Positioning of GraphScope#

GraphScope is an open-source, cloud-native computing framework for a variety of graph workloads, including analytical processing, interactive querying and graph learning. But how does GraphScope stand out among a bunch of graph products that offer similar functionalities? In summary,

  • If you are searching for a scalable system for graph analytical processing, GraphScope may be your best option.

  • If you are searching for a graph database for graph queries, and performance and scalability are your primary concerns rather than transaction guarantees, then GraphScope is a suitable platform.

  • If you are searching for large-scale distributed graph learning, GraphScope is just the solution.

  • If you are searching for a system that simultaneously offers various types of graph workloads, GraphScope is the ideal platform.

We elaborate in details in the following.

Compare with Graph Processing Systems#

Most large-scale graph processing systems, including PowerGraph, GeminiGraph and Plato, handles only the graph analytical processing workloads. Our empirical studies via the LDBC Graphalytics benchmark have demonstrated that GraphScope outperforms these systems in all algorithms. Furthermore, GraphScope has the added advantages of supporting a range of SDKs and programming interfaces for graph analytics:

  • It offers data scientists a Python SDK to quickly integrate graph processing into their existing data analytics ecosystem.

  • It allows Java users of Giraph and GraphX to seamlessly migrate the existing code (without changing a line) to GraphScope, enabling them to enjoy automatic performance improvements.

Compare with Graph Databases#

Graph databases, such as Neo4j, JanusGraph and Nebula, allow users to query and manipulate the graph data using a declarative query language, e.g. Gremlin, Cypher, and GQL. Like graph databases, GraphScope supports graph queries via the interactive computing engine, or GIE, using widely-used query languages such as Gremlin (and Cypher will be supported soon). However, GraphScope mainly differs from typical graph databases in two aspects.

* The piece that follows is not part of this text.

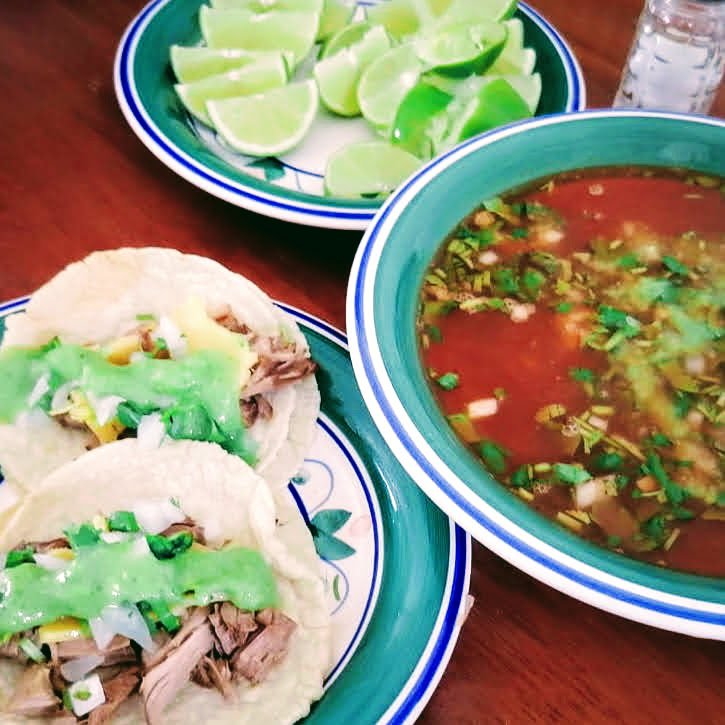 Birria. 3 plates with lime slices, a dip and meat.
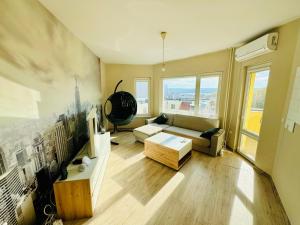 a living room with a couch and a tv at Sunrise Smart Home in Varna City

Firstly, graph databases are often designed to have full DBMS features that allow users to not only run queries, but also store and manage graph data. In comparison, GraphScope is more of a computing framework that focus on running queries but has rather limited support on storage and transactions. Specifically,

  • GraphScope contains graph stores, such as the in-memory vineyard and persistent groot, but these are only used for caching graph data for efficiency, not for storage. The failover mechanism, enabled by k8s, ensures the relaunch of computation upon failure, but not the recovery of graph data.

  • GraphScope can handle data update through a snapshot (version) protocol (provided by groot), which guarantees data consistencies across different versions. But the snapshot protocol is too coarse-grained (in seconds) to satisfy any consistency requirements for transactions.

Secondly, while most graph databases emphasize high throughput of small (short-running) queries, GraphScope concentrate on low latency of large (long-running) analytical queries. Such kinds of queries are widely used in business intelligence, including querying cycles (e.g. in anti money laundering), paths (e.g. in investment tracing) and complex patterns (e.g. in fraud detection).

Compare with Graph Learning Systems#

GraphScope offers a distributed graph learning framework(GLE) to ease the development and training of graph neural networks(GNNs). In industrial scenarios, it is common that GNNs are applied over large-scale graph, which cannot be efficiently supported by GNN systems such as PyG and DGL. While, GLE targets for GNN training in industrial scenarios, where the graphs are often large, e.g., billion of nodes and tens of billions of edges. To better accommodate the resource requirements of large-scale GNN training, GLE decouples the graph sampling and model training into independent stages, and each stage can be flexibly scaled to improve the end-to-end throughput.

Handling Various Types of Graph Workloads#

Given various types of graph workloads, existing systems have proposed two solutions.

  • One System: This solution is often referred to as in-database analytics, and has been adopted by graph databases such as Neo4j and Nebular. It aims to extend the capabilities of analytical processing and graph learning on top of the existing engine, mainly for graph queries. However, due to the differing computing patterns of these graph workloads, this one-system design may experience performance degradation when adapting the graph-query-oriented engine for other types of workloads.

  • Multi System: Given the performance issue of the one-system solution, the multi-system solution attempts to adopt multiple independent systems, each processing the corresponding workloads. The main issue with this solution is that it requires users to manually compose the complex pipeline using a script language. Additionally, the requirement for data movement among different systems may introduce significant overhead.

In comparison, GraphScope has a loosely-coupled design, which integrates three engines - GAE for analytical processing, GIE for graph queries, and GLE for learning. The non-trivial integration features a common programming interface on top for easily implement a complex graph pipeline that can involve one or more types of workloads, and a distributed storage layer vineyard for efficient, copy-free in-memory data movements across the engines. Compared to the one-system design, GraphScope has demonstrated superior performance due to the separated computing engine. Compared to the multi-system design, GraphScope offers more user-friendly programming interfaces and more efficient data movements. Additionally, GraphScope allows users to independently deploy each engine, if they only need to focus on certain workloads.